After I spotted the new paper on texting last night, I noticed this morning that another one of the blogs that I read had picked up the same story, and had added a nice collection of pro/con articles:
Positive studies on the effect of text messaging on student’s writing skills:
- Texts ‘do not hinder literacy’
- Texting teenagers are proving ‘more literate than ever before’
- E-Mail and Texting – Not at all bad
- Texting ‘is no bar to literacy’
- Teacher finds novel way to use texting
Negative studies:
- Text messages harm written language? (Oh-Hum)
- Technology marches ahead, grammar gets worse
- Y TEXTING MAYBE BAD 4 U
- SMS Resulting in Poor English Grades?
- SMS and Internet blamed for decline in English Examinations
- SMS threatens Norwegian language say teachers
- Teachers hung up on SMS
- An essay written in text message shorthand
They also spotted another negative study that suggest that the “instant gratification” that comes from IM/txt is potentially addictive.

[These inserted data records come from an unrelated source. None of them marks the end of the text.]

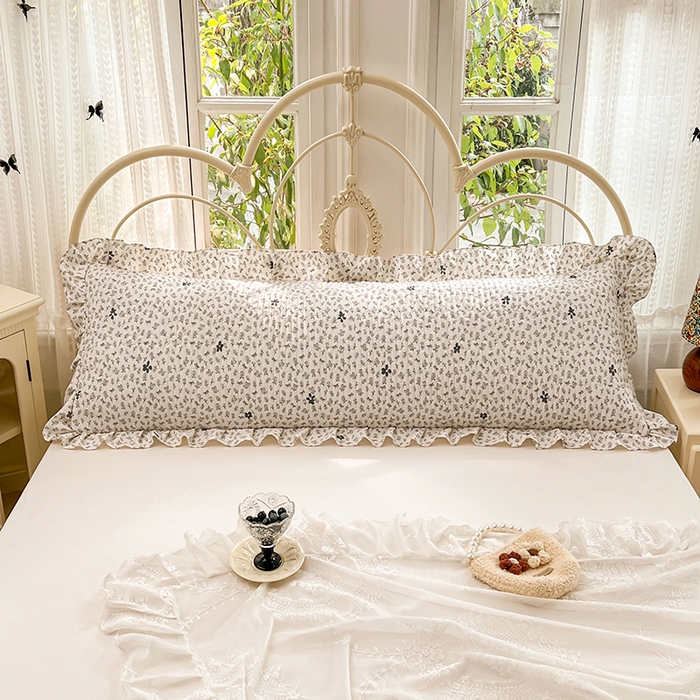 91家纺网 家纺一手货源 找家纺 梦舒羽 2026新款A类云朵棉夹棉花边枕套宿舍情侣双人加长枕芯内胆套-双人枕套 花无意（花边夹棉）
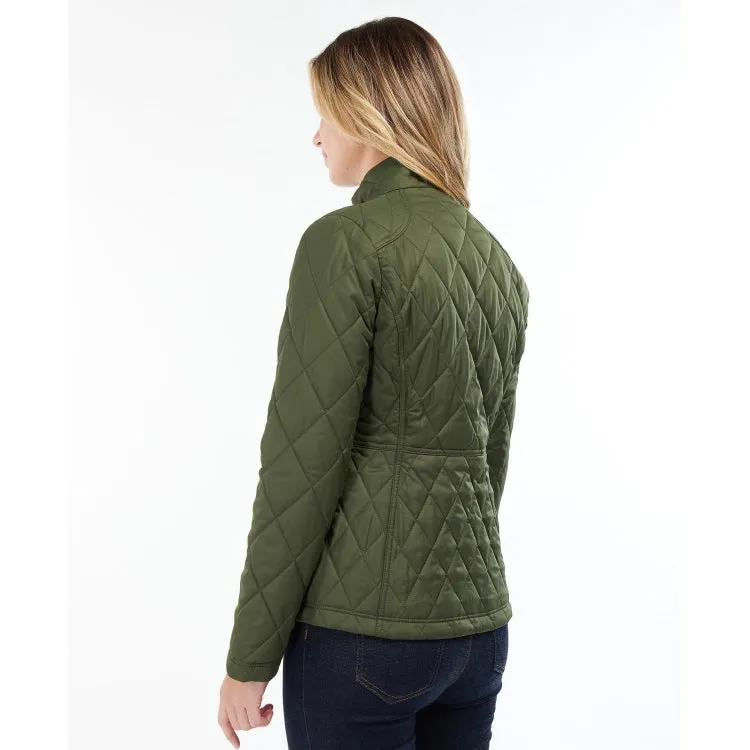 Barbour Ladies Broxfield Quilt Jacket - Olive/Olive Pink Tartan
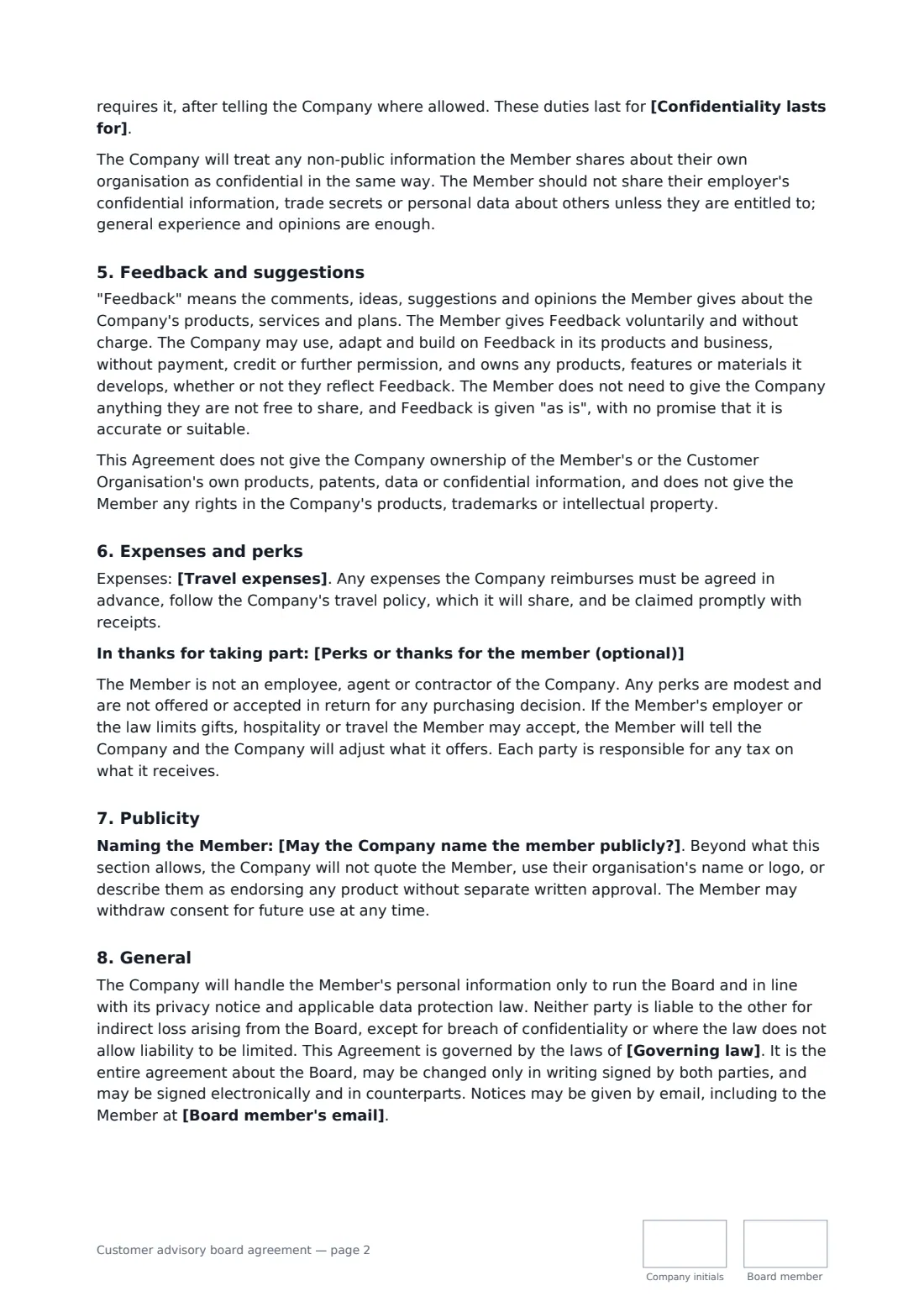 Customer advisory board agreement — page 2 of 3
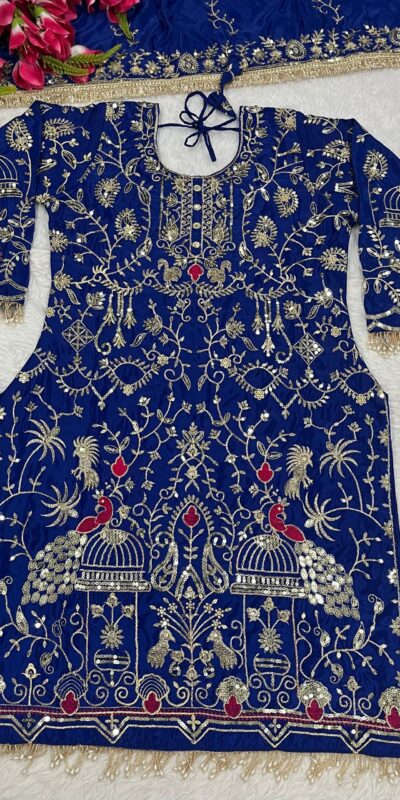 Royal Blue Natural Crep Embroidery Work Salwar Suit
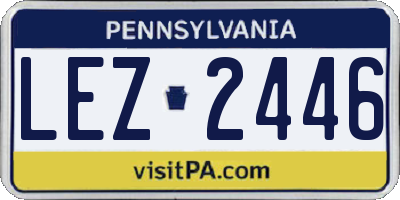 PA license plate LEZ2446
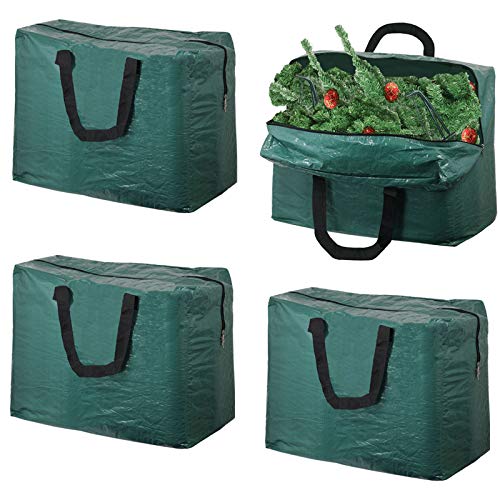 Christmas Decorations Bag Xmas Tree Storage Bag (Pack of 4, Green, 75L)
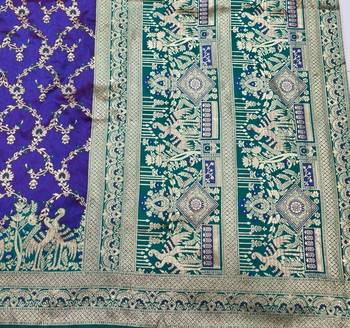 Purple zari woven silk blend saree with blouse piece 5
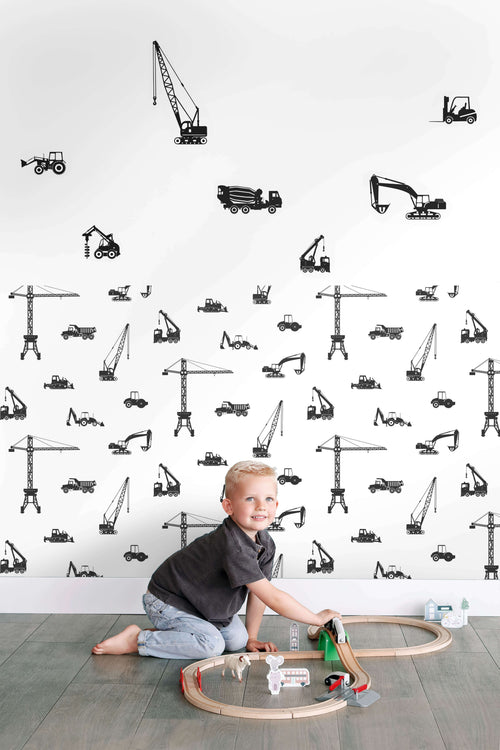 ESTAhome muursticker voertuigen zwart - 47.5 x 66 cm - 156107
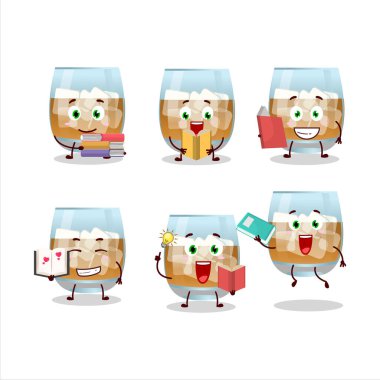 Komik bir kitap okurken romlu içecek karakteri konsepti. Vektör illüstrasyonu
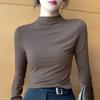 Autumn and Winter Elegant Half-high Collar Modal Base Shirt Women's Autumn Fleece-lined Women's Slim-fit Long-sleeved High Collar Inner Top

It seems that the ubergadet is a real Pandora’s box in the classroom, though I wonder if the same issues were raised with TV/Video in the classroom and (hark!) computers. I would assume, that with every new medium, there comes an optimal way to make use of it. Comics seem to show this rather nicely as the text is as much part of the illustration as the characters are – ornate languages like Chinese, Japanese and Arabic used the language itself as the art, and to some extent so did Latin Character languages with the ornate characters used to start new sections of a document. This argument seems to help make sense of the pro/con list above, but what about the addiction?
Well, that is something that is certainly new – but as with anything else that has an associated behaviour, it is not new at the same time. There is a continuum of users and the behaviour should not be damned for the actions of the more harmful extremes. What we need to understand is that there is a spectrum of use and how to know when students are slipping into dangerous territory.